Opinion | Why Is Andrew Cuomo Holding On? Blame New York’s Politics of Masochism.

And yet, it is far from clear that any of this will reduce Unaccountable Andy. Current surveys reveal that Cuomo’s constituents mainly still have his back: Half of New york city’s citizens desire him to remain in workplace, while smaller sized shares state it’s time for him to go. Democrats are a lot more encouraging, with approximately two-thirds stating he shouldn’t resign.

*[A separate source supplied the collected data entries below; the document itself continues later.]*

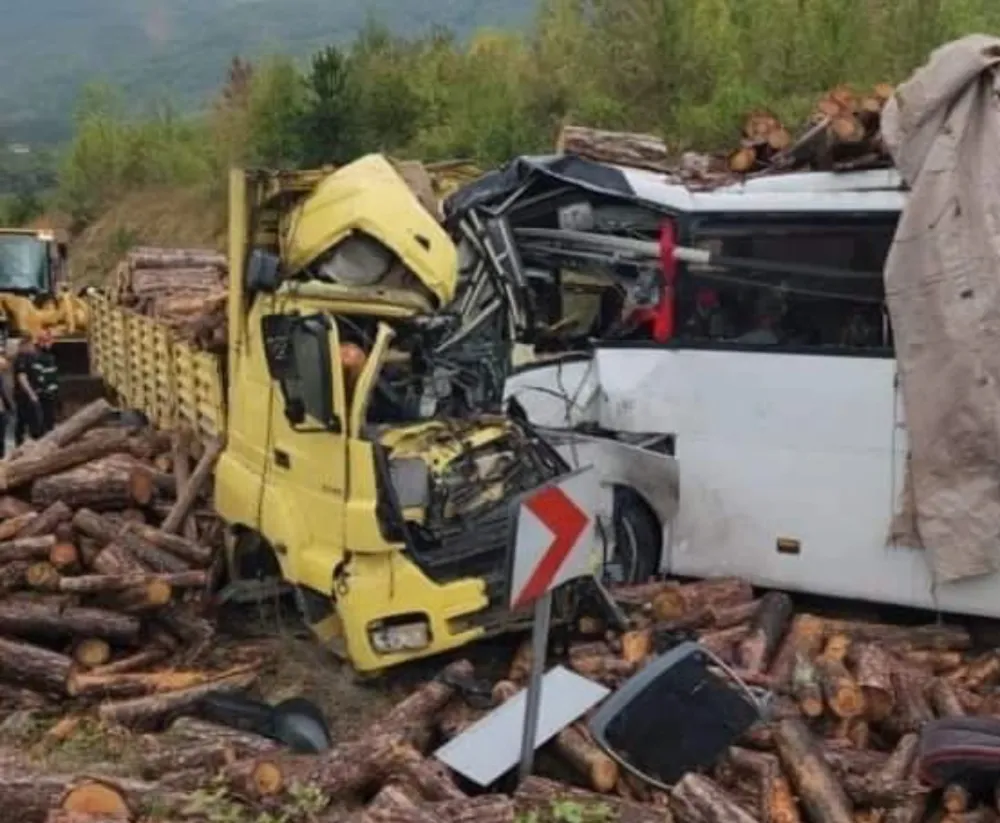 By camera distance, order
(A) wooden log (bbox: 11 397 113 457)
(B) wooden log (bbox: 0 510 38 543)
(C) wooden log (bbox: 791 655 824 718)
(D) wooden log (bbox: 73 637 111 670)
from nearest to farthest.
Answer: (C) wooden log (bbox: 791 655 824 718), (D) wooden log (bbox: 73 637 111 670), (B) wooden log (bbox: 0 510 38 543), (A) wooden log (bbox: 11 397 113 457)

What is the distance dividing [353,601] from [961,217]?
3.62 m

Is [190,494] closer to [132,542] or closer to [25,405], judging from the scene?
[132,542]

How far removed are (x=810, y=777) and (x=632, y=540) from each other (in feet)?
9.41

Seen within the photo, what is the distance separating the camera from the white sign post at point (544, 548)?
234 inches

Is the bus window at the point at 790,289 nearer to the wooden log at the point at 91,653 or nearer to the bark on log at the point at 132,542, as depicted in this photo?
the bark on log at the point at 132,542

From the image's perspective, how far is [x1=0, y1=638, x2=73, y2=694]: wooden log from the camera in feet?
26.7

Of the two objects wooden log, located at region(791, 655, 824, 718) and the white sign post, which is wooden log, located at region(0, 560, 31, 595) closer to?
the white sign post

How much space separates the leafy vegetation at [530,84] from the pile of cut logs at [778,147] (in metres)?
11.8

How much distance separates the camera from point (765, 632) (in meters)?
7.88

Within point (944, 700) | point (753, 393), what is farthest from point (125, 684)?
point (944, 700)

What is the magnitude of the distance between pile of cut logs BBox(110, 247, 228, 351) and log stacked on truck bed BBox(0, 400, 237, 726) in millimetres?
4577

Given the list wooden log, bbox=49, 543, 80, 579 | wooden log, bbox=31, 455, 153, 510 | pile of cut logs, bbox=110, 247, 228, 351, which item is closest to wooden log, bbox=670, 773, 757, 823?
wooden log, bbox=49, 543, 80, 579

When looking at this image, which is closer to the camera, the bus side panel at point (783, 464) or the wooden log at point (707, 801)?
the wooden log at point (707, 801)

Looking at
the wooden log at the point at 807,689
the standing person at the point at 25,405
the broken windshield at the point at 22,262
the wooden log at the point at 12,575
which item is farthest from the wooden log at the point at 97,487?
the broken windshield at the point at 22,262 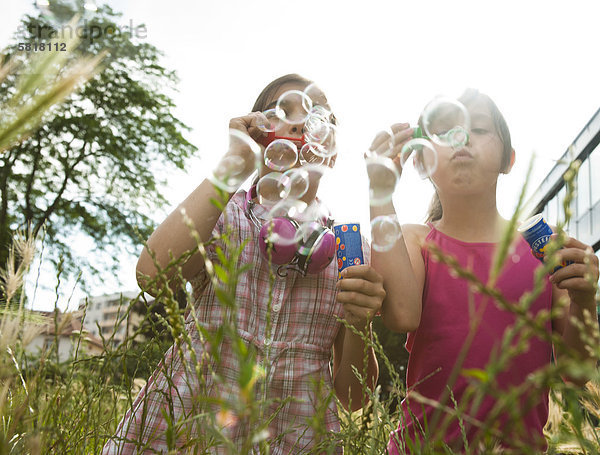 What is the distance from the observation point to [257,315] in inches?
65.2

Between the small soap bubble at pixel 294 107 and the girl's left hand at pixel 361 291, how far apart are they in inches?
30.2

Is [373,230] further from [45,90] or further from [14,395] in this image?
[14,395]

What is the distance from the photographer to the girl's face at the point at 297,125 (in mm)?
1849

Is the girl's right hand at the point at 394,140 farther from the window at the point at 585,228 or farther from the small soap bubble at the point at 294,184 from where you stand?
the window at the point at 585,228

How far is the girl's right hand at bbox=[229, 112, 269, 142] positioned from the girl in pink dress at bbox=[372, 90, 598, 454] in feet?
1.34

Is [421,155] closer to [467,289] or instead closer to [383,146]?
[383,146]

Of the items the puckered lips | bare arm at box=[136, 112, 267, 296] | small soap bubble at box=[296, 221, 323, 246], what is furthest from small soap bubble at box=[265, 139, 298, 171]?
the puckered lips

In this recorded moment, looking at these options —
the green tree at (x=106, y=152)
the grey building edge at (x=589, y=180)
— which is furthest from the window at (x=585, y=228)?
the green tree at (x=106, y=152)

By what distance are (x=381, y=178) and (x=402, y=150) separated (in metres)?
0.12

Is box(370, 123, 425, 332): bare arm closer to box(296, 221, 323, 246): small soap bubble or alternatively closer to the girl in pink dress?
the girl in pink dress

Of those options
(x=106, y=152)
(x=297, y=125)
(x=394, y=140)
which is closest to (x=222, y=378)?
(x=394, y=140)

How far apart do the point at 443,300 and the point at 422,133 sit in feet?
1.81

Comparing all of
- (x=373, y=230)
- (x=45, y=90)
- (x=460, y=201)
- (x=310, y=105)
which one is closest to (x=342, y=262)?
(x=373, y=230)

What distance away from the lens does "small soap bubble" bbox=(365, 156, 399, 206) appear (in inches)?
58.9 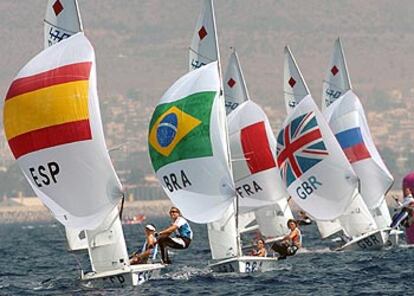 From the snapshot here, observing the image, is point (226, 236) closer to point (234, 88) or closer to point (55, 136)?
point (55, 136)

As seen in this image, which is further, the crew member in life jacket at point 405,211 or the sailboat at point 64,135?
the crew member in life jacket at point 405,211

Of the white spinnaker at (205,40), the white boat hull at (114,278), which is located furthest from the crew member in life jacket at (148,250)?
the white spinnaker at (205,40)

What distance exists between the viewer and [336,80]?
6506cm

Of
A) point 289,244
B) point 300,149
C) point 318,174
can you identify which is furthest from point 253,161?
point 289,244

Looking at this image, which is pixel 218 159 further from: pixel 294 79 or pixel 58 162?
pixel 294 79

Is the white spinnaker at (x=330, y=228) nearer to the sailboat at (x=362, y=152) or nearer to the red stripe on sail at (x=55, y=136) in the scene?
the sailboat at (x=362, y=152)

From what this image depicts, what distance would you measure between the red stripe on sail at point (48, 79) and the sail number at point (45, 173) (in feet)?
6.32

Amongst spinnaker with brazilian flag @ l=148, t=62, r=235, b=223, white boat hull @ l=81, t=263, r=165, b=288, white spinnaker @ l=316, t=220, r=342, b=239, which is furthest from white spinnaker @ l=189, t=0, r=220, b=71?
white spinnaker @ l=316, t=220, r=342, b=239

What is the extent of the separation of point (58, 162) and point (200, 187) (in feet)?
18.1

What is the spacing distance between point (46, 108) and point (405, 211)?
63.3 ft

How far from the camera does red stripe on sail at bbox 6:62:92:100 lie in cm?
4069

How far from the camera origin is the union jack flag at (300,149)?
53.6 meters

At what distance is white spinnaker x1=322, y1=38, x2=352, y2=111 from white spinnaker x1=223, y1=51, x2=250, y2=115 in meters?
4.41

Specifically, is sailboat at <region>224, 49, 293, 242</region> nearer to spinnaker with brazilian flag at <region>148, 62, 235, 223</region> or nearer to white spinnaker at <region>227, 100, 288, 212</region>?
white spinnaker at <region>227, 100, 288, 212</region> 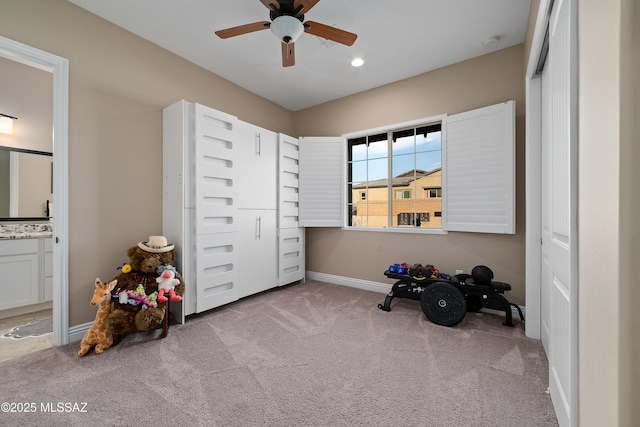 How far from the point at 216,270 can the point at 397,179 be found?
2562 mm

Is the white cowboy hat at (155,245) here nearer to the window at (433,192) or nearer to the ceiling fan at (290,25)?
the ceiling fan at (290,25)

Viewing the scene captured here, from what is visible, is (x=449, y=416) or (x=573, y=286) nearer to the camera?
(x=573, y=286)

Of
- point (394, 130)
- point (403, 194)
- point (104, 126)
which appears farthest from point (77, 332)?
point (394, 130)

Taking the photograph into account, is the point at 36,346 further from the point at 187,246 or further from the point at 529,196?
the point at 529,196

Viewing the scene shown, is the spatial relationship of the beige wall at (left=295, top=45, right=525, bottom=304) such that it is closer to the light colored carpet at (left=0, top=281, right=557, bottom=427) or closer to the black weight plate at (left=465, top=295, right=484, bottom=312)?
the black weight plate at (left=465, top=295, right=484, bottom=312)

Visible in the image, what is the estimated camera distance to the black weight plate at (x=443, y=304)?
97.3 inches

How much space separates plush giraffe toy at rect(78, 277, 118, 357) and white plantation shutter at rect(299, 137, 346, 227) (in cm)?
241

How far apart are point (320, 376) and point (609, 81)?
1933 mm

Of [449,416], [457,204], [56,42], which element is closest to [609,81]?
[449,416]

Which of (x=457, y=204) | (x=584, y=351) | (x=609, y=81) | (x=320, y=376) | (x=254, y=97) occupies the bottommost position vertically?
(x=320, y=376)

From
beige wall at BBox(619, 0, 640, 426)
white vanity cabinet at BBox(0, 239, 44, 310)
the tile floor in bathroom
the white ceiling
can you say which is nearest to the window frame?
the white ceiling

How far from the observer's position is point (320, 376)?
1.75 metres

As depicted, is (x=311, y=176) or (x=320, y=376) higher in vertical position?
(x=311, y=176)

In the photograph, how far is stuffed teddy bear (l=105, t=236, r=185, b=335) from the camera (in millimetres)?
2115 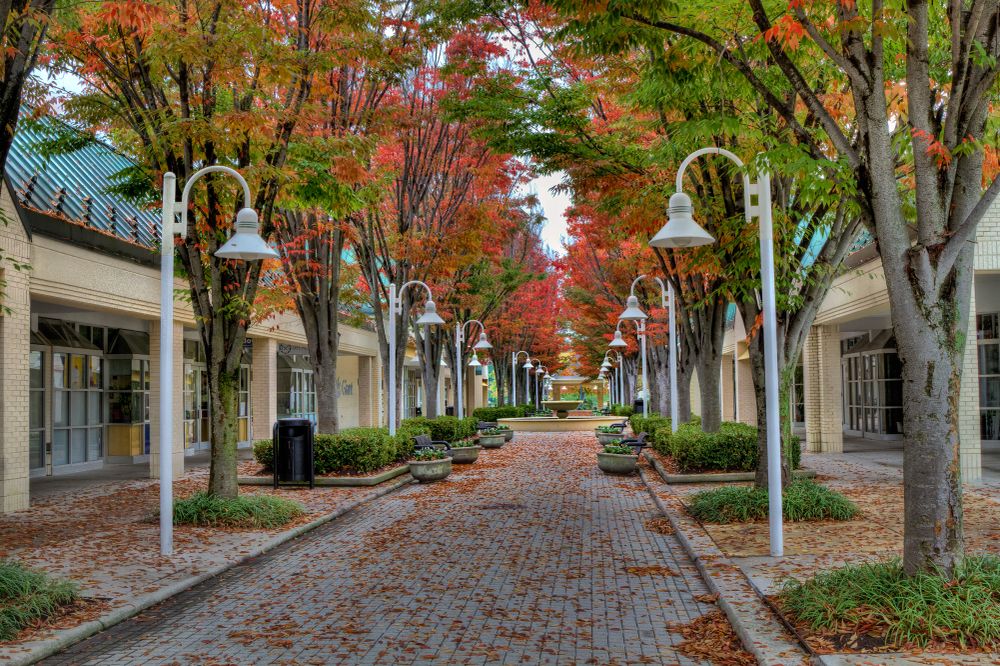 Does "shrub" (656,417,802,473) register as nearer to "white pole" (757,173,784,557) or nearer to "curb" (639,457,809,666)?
"curb" (639,457,809,666)

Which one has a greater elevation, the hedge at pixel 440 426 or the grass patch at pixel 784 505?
the hedge at pixel 440 426

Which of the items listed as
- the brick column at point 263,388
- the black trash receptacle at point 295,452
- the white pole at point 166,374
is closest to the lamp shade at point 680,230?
the white pole at point 166,374

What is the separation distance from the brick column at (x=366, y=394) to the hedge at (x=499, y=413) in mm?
6662

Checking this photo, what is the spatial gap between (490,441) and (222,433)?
59.1 ft

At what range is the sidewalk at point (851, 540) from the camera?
7672 millimetres

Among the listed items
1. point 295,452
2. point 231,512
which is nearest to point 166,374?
point 231,512

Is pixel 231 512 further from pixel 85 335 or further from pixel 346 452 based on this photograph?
pixel 85 335

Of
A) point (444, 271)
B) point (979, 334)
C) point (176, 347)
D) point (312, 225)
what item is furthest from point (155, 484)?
point (979, 334)

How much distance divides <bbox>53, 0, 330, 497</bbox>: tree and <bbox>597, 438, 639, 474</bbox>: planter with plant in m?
9.27

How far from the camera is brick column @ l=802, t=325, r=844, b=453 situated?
23562mm

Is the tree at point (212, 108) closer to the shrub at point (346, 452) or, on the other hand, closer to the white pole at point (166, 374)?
the white pole at point (166, 374)

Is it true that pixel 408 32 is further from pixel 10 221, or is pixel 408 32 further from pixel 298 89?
pixel 10 221

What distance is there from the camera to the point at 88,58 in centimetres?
1152

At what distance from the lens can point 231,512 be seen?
11.9m
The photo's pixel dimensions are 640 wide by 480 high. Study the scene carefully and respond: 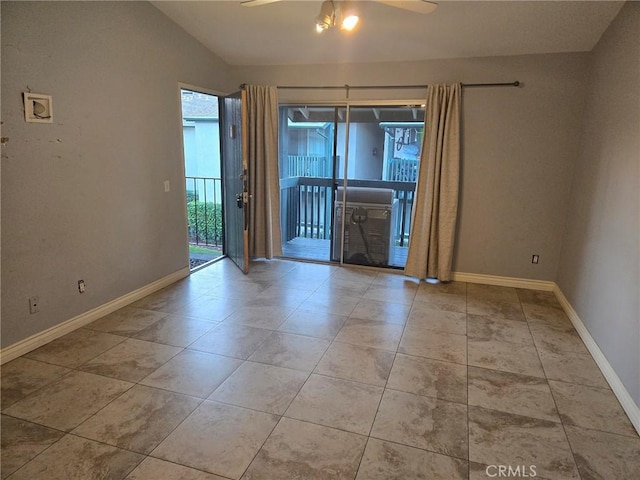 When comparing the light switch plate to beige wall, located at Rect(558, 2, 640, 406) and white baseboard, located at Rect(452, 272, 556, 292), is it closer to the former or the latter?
beige wall, located at Rect(558, 2, 640, 406)

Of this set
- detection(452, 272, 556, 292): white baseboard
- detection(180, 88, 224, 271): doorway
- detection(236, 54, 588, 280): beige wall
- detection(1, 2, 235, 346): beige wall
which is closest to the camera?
detection(1, 2, 235, 346): beige wall

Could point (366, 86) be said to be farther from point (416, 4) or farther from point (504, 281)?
point (504, 281)

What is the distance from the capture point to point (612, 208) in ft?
9.20

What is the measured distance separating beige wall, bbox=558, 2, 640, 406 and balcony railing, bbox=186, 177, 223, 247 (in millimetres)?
4707

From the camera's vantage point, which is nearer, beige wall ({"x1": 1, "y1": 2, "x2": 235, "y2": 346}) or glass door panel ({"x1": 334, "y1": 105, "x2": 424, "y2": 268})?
beige wall ({"x1": 1, "y1": 2, "x2": 235, "y2": 346})

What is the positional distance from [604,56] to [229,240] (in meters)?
4.30

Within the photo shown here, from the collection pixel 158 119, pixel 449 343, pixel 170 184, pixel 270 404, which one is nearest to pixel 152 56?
pixel 158 119

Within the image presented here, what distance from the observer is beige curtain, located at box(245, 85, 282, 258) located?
466 centimetres

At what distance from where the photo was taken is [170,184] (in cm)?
404

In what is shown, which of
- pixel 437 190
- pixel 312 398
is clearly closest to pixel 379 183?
pixel 437 190

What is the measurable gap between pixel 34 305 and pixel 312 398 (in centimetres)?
205

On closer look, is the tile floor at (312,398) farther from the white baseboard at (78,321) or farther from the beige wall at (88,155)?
the beige wall at (88,155)

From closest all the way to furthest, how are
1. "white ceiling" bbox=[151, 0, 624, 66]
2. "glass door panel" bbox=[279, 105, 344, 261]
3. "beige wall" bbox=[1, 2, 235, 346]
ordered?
"beige wall" bbox=[1, 2, 235, 346] < "white ceiling" bbox=[151, 0, 624, 66] < "glass door panel" bbox=[279, 105, 344, 261]

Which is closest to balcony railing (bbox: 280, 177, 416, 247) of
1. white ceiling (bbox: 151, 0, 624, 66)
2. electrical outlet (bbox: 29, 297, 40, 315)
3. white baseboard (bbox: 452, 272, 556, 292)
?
white baseboard (bbox: 452, 272, 556, 292) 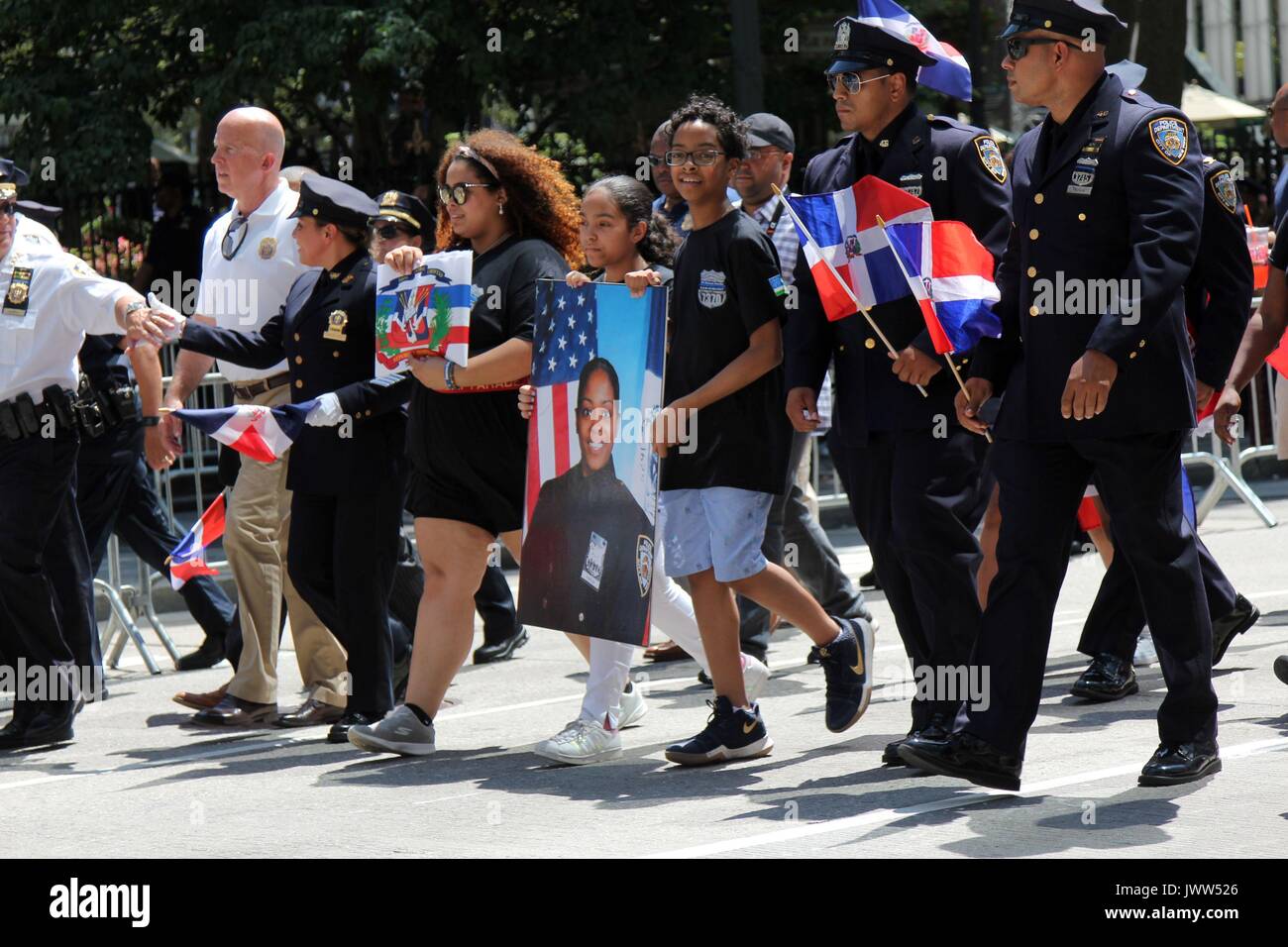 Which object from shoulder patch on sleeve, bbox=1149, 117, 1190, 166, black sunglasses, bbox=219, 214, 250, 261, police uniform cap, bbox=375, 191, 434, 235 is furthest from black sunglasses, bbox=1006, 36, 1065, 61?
black sunglasses, bbox=219, 214, 250, 261

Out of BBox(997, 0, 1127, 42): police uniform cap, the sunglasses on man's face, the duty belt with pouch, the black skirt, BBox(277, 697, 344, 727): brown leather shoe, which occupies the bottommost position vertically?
BBox(277, 697, 344, 727): brown leather shoe

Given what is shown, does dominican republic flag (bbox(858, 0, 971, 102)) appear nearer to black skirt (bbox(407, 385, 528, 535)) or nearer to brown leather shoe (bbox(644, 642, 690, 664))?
black skirt (bbox(407, 385, 528, 535))

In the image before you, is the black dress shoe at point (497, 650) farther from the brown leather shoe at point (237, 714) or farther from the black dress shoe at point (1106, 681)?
the black dress shoe at point (1106, 681)

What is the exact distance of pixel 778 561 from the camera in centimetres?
864

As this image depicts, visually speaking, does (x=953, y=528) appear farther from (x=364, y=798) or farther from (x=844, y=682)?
(x=364, y=798)

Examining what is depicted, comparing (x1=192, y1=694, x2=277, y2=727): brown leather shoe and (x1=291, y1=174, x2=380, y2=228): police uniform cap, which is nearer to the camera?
(x1=291, y1=174, x2=380, y2=228): police uniform cap

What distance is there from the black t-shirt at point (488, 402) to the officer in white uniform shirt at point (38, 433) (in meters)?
1.16

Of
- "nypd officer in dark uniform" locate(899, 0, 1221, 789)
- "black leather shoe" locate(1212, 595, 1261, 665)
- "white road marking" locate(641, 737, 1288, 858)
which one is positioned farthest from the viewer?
"black leather shoe" locate(1212, 595, 1261, 665)

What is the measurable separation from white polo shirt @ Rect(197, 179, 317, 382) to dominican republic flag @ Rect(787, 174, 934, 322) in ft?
8.42

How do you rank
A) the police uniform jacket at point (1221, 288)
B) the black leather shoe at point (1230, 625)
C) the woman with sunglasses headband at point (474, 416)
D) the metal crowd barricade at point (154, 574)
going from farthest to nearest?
1. the metal crowd barricade at point (154, 574)
2. the black leather shoe at point (1230, 625)
3. the woman with sunglasses headband at point (474, 416)
4. the police uniform jacket at point (1221, 288)

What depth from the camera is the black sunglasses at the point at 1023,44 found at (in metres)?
5.80

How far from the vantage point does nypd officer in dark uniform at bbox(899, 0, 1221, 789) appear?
18.6 ft

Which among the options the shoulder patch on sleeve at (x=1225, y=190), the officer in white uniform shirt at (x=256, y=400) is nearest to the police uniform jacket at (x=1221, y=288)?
the shoulder patch on sleeve at (x=1225, y=190) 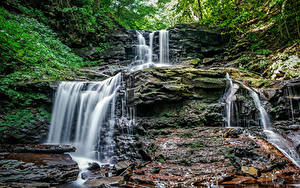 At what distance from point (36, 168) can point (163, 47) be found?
11.9 meters

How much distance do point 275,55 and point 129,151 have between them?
9.58 meters

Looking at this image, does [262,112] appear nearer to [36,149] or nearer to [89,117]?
[89,117]

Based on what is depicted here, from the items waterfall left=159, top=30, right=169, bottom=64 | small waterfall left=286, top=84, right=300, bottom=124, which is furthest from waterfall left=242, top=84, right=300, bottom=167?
waterfall left=159, top=30, right=169, bottom=64

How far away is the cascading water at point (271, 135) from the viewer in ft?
15.1

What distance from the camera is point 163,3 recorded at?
1966 centimetres

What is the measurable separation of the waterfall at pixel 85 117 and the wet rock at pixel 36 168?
1456 millimetres

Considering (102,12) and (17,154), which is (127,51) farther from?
(17,154)

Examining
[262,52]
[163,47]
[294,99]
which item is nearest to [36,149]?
[294,99]

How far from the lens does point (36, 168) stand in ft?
13.3

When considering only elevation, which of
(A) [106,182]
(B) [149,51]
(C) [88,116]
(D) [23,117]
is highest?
(B) [149,51]

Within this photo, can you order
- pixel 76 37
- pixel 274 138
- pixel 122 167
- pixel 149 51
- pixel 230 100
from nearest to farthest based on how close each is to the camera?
1. pixel 122 167
2. pixel 274 138
3. pixel 230 100
4. pixel 76 37
5. pixel 149 51

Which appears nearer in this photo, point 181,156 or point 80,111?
point 181,156

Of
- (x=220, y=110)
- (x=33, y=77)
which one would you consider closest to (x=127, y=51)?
(x=33, y=77)

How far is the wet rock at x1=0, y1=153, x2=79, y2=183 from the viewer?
12.1 feet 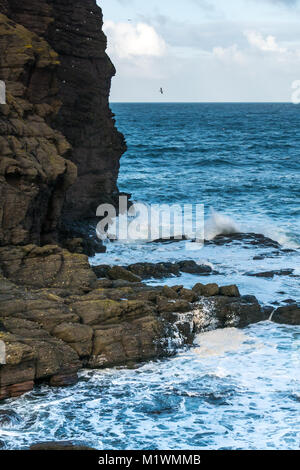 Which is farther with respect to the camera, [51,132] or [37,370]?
[51,132]

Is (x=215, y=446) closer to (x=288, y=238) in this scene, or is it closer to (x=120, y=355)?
(x=120, y=355)

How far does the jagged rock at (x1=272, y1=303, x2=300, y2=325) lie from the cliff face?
860cm

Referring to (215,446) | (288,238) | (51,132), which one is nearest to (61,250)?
(51,132)

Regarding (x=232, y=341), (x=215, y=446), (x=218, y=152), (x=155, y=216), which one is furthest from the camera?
(x=218, y=152)

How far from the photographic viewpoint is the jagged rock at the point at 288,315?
68.3ft

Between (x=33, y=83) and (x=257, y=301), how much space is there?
1237 centimetres

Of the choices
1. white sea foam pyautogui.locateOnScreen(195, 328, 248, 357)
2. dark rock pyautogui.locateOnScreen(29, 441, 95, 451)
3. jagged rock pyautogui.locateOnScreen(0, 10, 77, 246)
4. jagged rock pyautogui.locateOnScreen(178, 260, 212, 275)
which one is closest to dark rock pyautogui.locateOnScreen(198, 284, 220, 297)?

This is even more confounding when you think about how regularly Cuomo has actually governed New york city versus the revealed dreams of his own celebration, especially its ascendant progressive wing and its most singing supporters in New york city City — from the billions in public aids he provided to Jeff Bezos in an effort to entice an Amazon head office to Queens, to his resistance to raising taxes on the state’s most affluent locals. A few of the guv’s consultants in Albany have close household ties to effective state lobbyists, or close political ties to the Republican politician Celebration. For several years, his closest fans in the state legislature were a caucus of conservative, morally challenged Democrats. And for all that he enjoy playing the male in charge, when dealt with with a collapsing train system in New york city City and harmed rail tunnels under the Hudson River, Cuomo has actually declared, dubiously, to have little or no authority.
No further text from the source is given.